[Provided data]
- - - -

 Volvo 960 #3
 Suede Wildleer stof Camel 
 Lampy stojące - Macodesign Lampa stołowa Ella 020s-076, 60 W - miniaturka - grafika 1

- - - -

[Activity] Take every line from the one containing "Suede Wildleer stof Camel" to the end of the listing and output it exactly, with nothing else.

[Answer for this exercise]
 Suede Wildleer stof Camel 
 Lampy stojące - Macodesign Lampa stołowa Ella 020s-076, 60 W - miniaturka - grafika 1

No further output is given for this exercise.